Por Cledis Candelaresi
Cristina Fernández de Kirchner asumió reivindicando su propuesta de campaña de celebrar un acuerdo social, cuya envergadura precisó: “No estará limitado sólo a precios y salarios”. Esa amplitud de agenda resulta especialmente seductora para los empresarios, quienes confían que la búsqueda de un pacto no sólo sirva para acotar los reclamos gremiales, sino para ganar influencia sobre algunas decisiones de política económica, incluida la estrategia oficial para controlar la inflación.
“No voy a ser la gendarme de la rentabilidad de los empresarios”, disparó ayer la Presidenta, durante su discurso de asunción ante el Parlamento. La sentencia, sin embargo, no podría interpretarse como un gesto hostil hacia los hombres de negocios, con quienes intentó tender un puente amistoso desde antes de los comicios, diferenciándose de la táctica confrontadora que distinguió a su marido. Un hecho notorio en este sentido fue el almuerzo con los ejecutivos de IDEA del que participó a principios de octubre y donde fue entusiastamente aplaudida luego de asegurar que “generar o tener riqueza no puede ser un pecado en la Argentina”.
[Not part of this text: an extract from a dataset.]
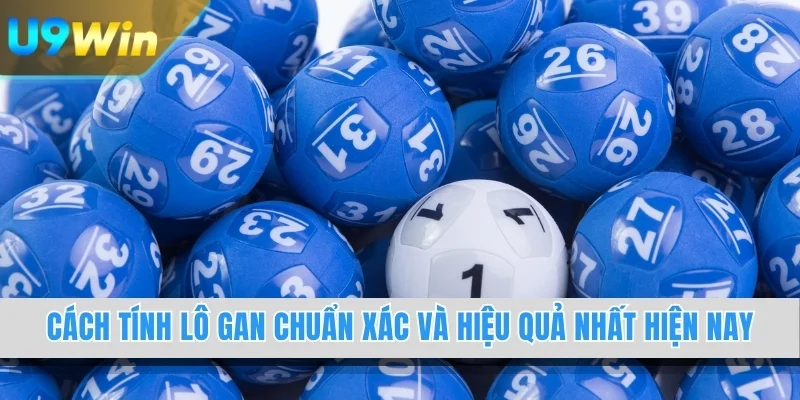 Cách Tính Lô Gan Chuẩn Xác Và Hiệu Quả Nhất Hiện Nay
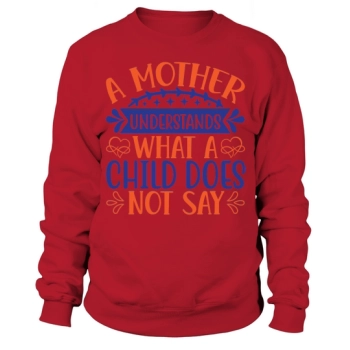 A mother understands what a child does not say Sweatshirt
A ese mismo encuentro de hace dos meses asistieron varios líderes sindicales –Hugo Moyano y Juan José Zanola, entre otros–, los otros protagonistas del acuerdo social convocado, a quienes ayer también dedicó una frase de su primer discurso con la banda presidencial puesta. “No llego al poder para interceder en ninguna interna sindical”, sentenció.
Visiblemente entusiasmada por las experiencias de otros países, Cristina no fijó aún temario preciso para ese eventual acuerdo, pero sí dejó en claro algunas pautas. A los hombres de empresa prometió que no sería “para la foto”, lo que supone un trabajo en serio y no sólo un enunciado de buenas intenciones entre cúpulas sindicales y patronales. Otra idea es que incluirá “metas físicas” de producción y empleo, algo que no sólo forzaría a asumir compromisos más concretos, sino que facilitaría su evaluación.
A mediados de 2005 hubo un amague de acuerdo que abortó, en parte porque la necesidad de recomponer salarios, tras el impacto de la devaluación, monopolizaba la agenda y el entonces ministro de Economía, Roberto Lavagna, consideró que una paritaria global estimularía expectativas inflacionarias. Desde el Ejecutivo, que da marco al encuentro imponiendo el temario, hay vocación de ir más allá.
No hay empresario al que la idea no entusiasme, fundamentalmente por la presunta posibilidad de intervenir en algunos procesos de decisiones que ahora les son totalmente ajenos, como el control de los precios y hasta la mecánica para definirlo. Las fantasías patronales incluyen la posibilidad de que exista un ámbito para discutir ampliamente –y no sólo con el sector involucrado– urticantes medidas, como valores de referencias, retenciones o restricciones a las exportaciones. También tiene el atractivo de sentar a la mesa a los popes sindicales, para discutir pautas salariales con el sector menos comprometido con los díscolas bases pero con suficiente poder como para contener los reclamos.
A los ojos patronales el acuerdo daría “previsibilidad” para invertir. Anhelada condición que se añadiría a las ya cumplidas de estabilidad macro y tipo de cambio competitivo. Todo factible, a la luz de los pocos cambios en ciernes sobre el esquema económico en curso, continuidad de la que Cristina dio pauta ayer. “Quiero que los mayores ingresos vengan de la industria”, dijo. Es importante “incorporar cuanto antes a Venezuela al Mercosur, para cerrar la ecuación energética”, añadió.